Document parsing Python package supporting PDF and image parsing using Infinity-Parser2-Pro model.

These details have not been verified by PyPI

Project links

Homepage

Project description

Infinity-Parser2

Infinity-Parser2 is a document parsing tool powered by the Infinity-Parser2-Pro model. It converts PDF files and images (PNG, JPG, WEBP) into structured Markdown or JSON with layout information.

Quick Start

Installation

Pre-requisites

# Install PyTorch (CUDA). Find the proper version on the [official site](https://pytorch.org/get-started/previous-versions) based on your CUDA version.
pip install torch==2.10.0 torchvision==0.25.0 torchaudio==2.10.0 --index-url https://download.pytorch.org/whl/cu128

# Install FlashAttention (required for NVIDIA GPUs).
# This command builds flash-attn from source, which can take 10 to 30 minutes.
pip install flash-attn==2.8.3 --no-build-isolation
# For Hopper GPUs (e.g. H100, H800), we recommend FlashAttention-3 instead. See the [official guide](https://github.com/Dao-AILab/flash-attention).

# Install vLLM
# NOTE: you may need to run the command below to resolve triton and numpy conflicts before installing vllm.
# pip uninstall -y pytorch-triton opencv-python opencv-python-headless numpy && rm -rf "$(python -c 'import site; print(site.getsitepackages()[0])')/cv2"
pip install vllm==0.17.1

Install infinity_parser2

# From PyPI
pip install infinity_parser2

# From source
git clone https://github.com/infly-ai/INF-MLLM.git
cd INF-MLLM/Infinity-Parser2
pip install -e .

Usage

Command Line

The parser command is the fastest way to get started.
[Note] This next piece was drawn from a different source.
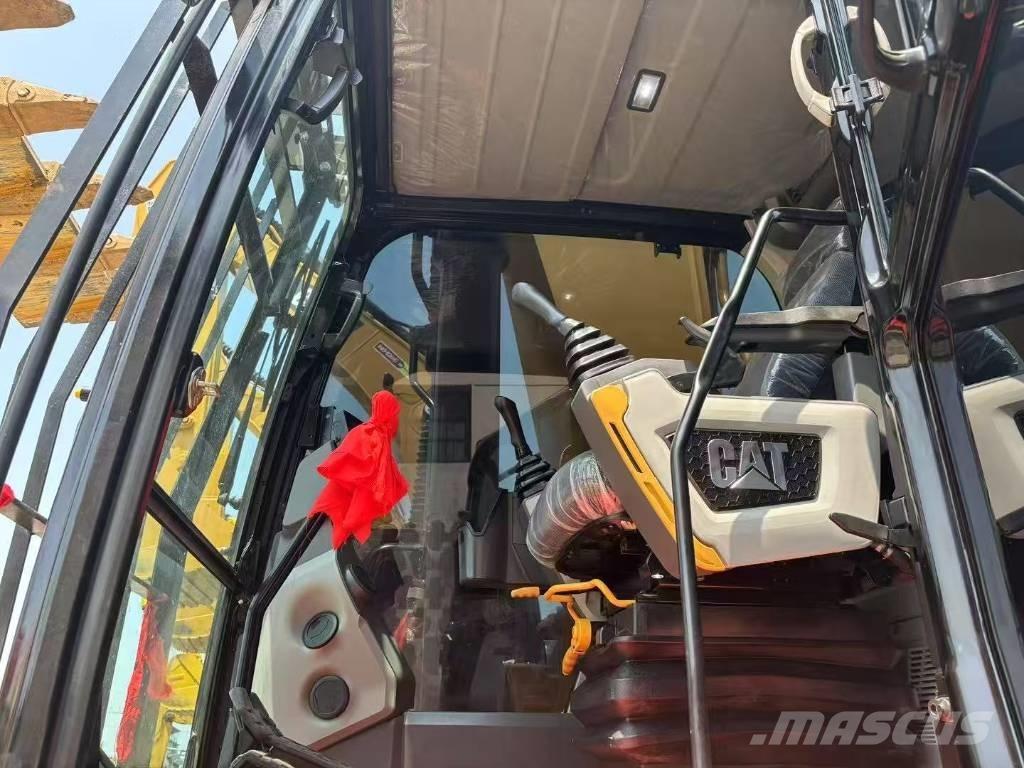 CAT 345GC Crawler excavators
# Parse a PDF (outputs Markdown by default)
parser demo_data/demo.pdf

# Parse an image
parser demo_data/demo.png

# Batch parse multiple files
parser demo_data/demo.pdf demo_data/demo.png -o ./output

# Parse an entire directory
parser demo_data -o ./output

# Output raw JSON with layout bboxes
parser demo_data/demo.pdf --output-format json

# Convert to Markdown directly
parser demo_data/demo.png --task doc2md

# View all options
parser --help

Python API

from infinity_parser2 import InfinityParser2

parser = InfinityParser2()

# Parse a single file (returns Markdown)
result = parser.parse("demo_data/demo.pdf")
print(result)

# Parse multiple files (returns list)
results = parser.parse(["demo_data/demo.pdf", "demo_data/demo.png"])
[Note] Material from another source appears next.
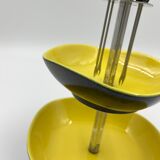 Cado servant yellow and black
# Parse a directory (returns dict)
results = parser.parse("demo_data")

Output formats:

task_type	Description	Default Output
`doc2json`	Extract layout elements with bboxes (default)	Markdown
`doc2md`	Directly convert to Markdown	Markdown
`custom`	Use your own prompt	Raw model output

# doc2json: get raw JSON with bbox coordinates
result = parser.parse("demo_data/demo.pdf", output_format="json")

# doc2md: direct Markdown conversion
result = parser.parse("demo_data/demo.pdf", task_type="doc2md")

# Custom prompt
result = parser.parse("demo_data/demo.pdf", task_type="custom",
                      custom_prompt="Extract the title and authors only.")

# Batch processing with custom batch size
result = parser.parse("demo_data", batch_size=8)

# Save results to directory
parser.parse("demo_data/demo.pdf", output_dir="./output")

Backends:

Infinity-Parser2 supports three inference backends. By default it uses the vLLM Engine (offline batch inference).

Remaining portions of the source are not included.